Kamis, 19 September 2019

Dua Jenis Hiu Mako, 7 Jenis Pari, dan Teripang Telah Masuk Daftar Apendiks Pada COP ke 18 CITES Tahun 2019. Indonesia Harus Mengantisipasi Perdagangannya



CITES atau Convention on International Trade in Endangared Species of Wild Fauna and Flora yang saat ini terdiri dari 183 negara, merupakan konvensi yang bertujuan untuk menghindarkan jenis jenis tumbuhan dan satwa dari kepunahan di alam melalui system pengendalian perdagangannya termasuk perdagangan produk produk turunannya secara internasional. Adanya CITES dipandang perlu, karena:

CITES merupakan intrumen perjanjian antara pemerintah yang menjadi anggota CITES (negara para pihak) yang sangat penting untuk mengatur perdagangan internasional tumbuhan dan satwa liar;

CITES sangat penting bagi pemerintah atau negara anggotanya (Negara para pihak) untuk memastikan bahwa perdagangan internasional tumbuhan dan satwa liar tidak mengancam kelangsungan hidup mereka;

Dengan adanya regulasi terhadap perdagangan internasional tumbuhan dan satwa liar diharapkan generasi selanjutnya dapat merasakan manfaat dari sumberdaya tumbuhan dan satwa liar tersebut;

Diharapkan dengan adanya regulasi perdagangan dari tumbuhan dan satwa liar secara internasional dapat membawa dampak positif terhadap ekonomi masyarakat.

Setiap dua tahun sekali, Negara para pihak CITES ini mengadakan pertemuan yang disebut COP Conference of Parties untuk melakukan, diantaranya:

Review progress terhadap konservasi spesies yang masuk dalam daftar apendiks;

Mempertimbangkan untuk menyetujui atau tidak mengadopsi proposal perubahan daftar apendiks l dan ll termasuk di dalamnya uplisting spesies baru ke dalam daftar apendiks l dan ll ;

Mendiskusikan dokumen dan laporan dari: negara anggota, sidang komite (standing committee, animal committee, plant committee), dan secretariat serta working group;

Merekomendasikan rambu rambu aturan untuk meningkatkan keefektifan konvensi; dan

Membuat ketentuan termasuk mengadopsi pendanaan agar secretariat dapat menjalankan fungsinya secara efektif.

Pada COP ke 18 yang berlangsung dari tanggal 17 sd 28 Agustus 2019 di Genewa Swiss ada 10 jenis biota laut yang uplisting / masuk daftar apendiks ll CITES yang terdiri dari 2 jenis hiu mako, 7 jenis pari, dan satu jenis teripang.
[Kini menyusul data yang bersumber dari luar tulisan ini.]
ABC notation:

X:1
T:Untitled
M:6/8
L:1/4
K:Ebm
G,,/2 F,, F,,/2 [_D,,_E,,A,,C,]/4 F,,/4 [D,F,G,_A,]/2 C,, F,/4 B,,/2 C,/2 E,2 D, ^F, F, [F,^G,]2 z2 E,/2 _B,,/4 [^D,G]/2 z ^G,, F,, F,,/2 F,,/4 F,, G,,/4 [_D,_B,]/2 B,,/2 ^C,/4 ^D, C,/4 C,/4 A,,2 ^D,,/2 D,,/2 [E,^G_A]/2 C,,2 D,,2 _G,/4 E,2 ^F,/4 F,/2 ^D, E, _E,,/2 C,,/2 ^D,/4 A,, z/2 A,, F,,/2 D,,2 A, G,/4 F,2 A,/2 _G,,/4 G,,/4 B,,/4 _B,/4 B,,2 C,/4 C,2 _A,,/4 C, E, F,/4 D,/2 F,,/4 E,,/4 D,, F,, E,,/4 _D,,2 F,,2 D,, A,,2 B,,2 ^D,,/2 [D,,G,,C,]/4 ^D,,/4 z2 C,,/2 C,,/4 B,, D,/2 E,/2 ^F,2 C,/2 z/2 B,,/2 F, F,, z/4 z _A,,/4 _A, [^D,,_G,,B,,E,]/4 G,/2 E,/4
Hiu mako umumnya ditangkap di wilayah lepas pantai dengan kedalaman laut minimal 150 m. hiu mako ini berukuran cukup besar, sekitar panjangnya 1 meter lebih.

Tujuh jenis pari yang baru masuk daftar apendiks ll CITES, salah satunya dikenal dengan nama pari yongbun, dimana jenis pari ini pada saat ini memiliki harga sirip yang paling mahal.

Teripang sebagaimana diketahui merupakan sumberdaya yang cukup melimpah terutama di Indonesia Bagian Timur dan telah lama menjadi komoditas perdagangan yang memiliki harga cukup tinggi.

Dari hal hal tersebut di atas, seyogyanya Indonesia harus berhati hati dalam penerapan regulasi terkait perdagangannya. Regulasi yang akan disusun untuk mengantisipasi ketentuan CITES tersebut tidak bisa lepas dari aturan konservasinya juga. Aturan konservasi yang dapat ditempuh adalah melalui:

1.   Memberikan status perlindungan penuh, yakni tidak boleh ditangkap sama sekali, sehingga perdagangannyapun (baik untuk dalam negeri maupun ekspor) akan tertutup sama sekali;

2.   Memberikan status perlindungan terbatas. Baik dilindungi terbatas secara: waktu, ukuran, ataupun pada kondisi tertentu. Spesies biota dengan  perlindungan terbatas masih memberikan peluang perdagangannya. Namun cukup berat dalam aspek pengawasannya;

3.   Penerapan kuota penangkapan. Cara ini memerlukan data yang baik dan banyak serta diperlukan mekanisme pengawasan yang agak rumit; dan

4.   Larangan diekspor. Biota biota tersebut boleh ditangkap tetapi hanya untuk dipasarkan di dalam negeri, tidak untuk diperdagangkan secara internasional. Pola aturan pelarangan untuk diekspor sudah diterapkan pada jenis hiu koboy dan hiu sphyrna. Pola ini sudah berjalan cukup efektif karena SDM yang bertugas mengawasi atau yang memberikan rekomendasi perdagangannya sudah memiliki kemampuan untuk mengidentifikasi jenis jenis biota laut yang dilarang untuk diekspor.



Walaupun seluruhnya biota laut yang baru masuk daftar apendiks CITES adalah komoditas ekspor, semoga aturan konservasi maupun perdagangan dari biota biota laut tersebut tidak akan memberatkan nelayan dan pelaku usaha, dengan tetap memperhatikan aspek konservasinya.


Jenis Jenis Pari yang Masuk Apendiks ll CITES 2019
Jenis Jenis Pari yang Masuk Apendiks ll CITES 2019
Jenis Jenis Pari yang Masuk Apendiks ll CITES 2019
Hiu Mako Masuk Daftar Apendiks ll CITES 2019
Teripang Komoditas Ekspor untuk Bahan Baku Obat Obatan dan Kecantikan






Minggu, 30 Desember 2018

Pengalaman Menangani Mamalia Laut (dari jenis Dugong) Terdampar di Loka Pengelolaan Sumberdaya Pesisir dan Laut (LPSPL) Serang


Perairan laut Pandeglang sekitar Teluk Lada  sampai Ujung Kulon diindikasikan terdapat habitat Dugong. Di sekitar Pulau Popole, Kecamatan Labuan masih dijumpai Sea Grass (lamun laut) yang merupakan makanan utama Dugong. Berdasarkan penuturan masyarakat sekitar Pantai Labuan, dahulu nelayan sering menjumpai Dugong ketika sedang mencari ikan.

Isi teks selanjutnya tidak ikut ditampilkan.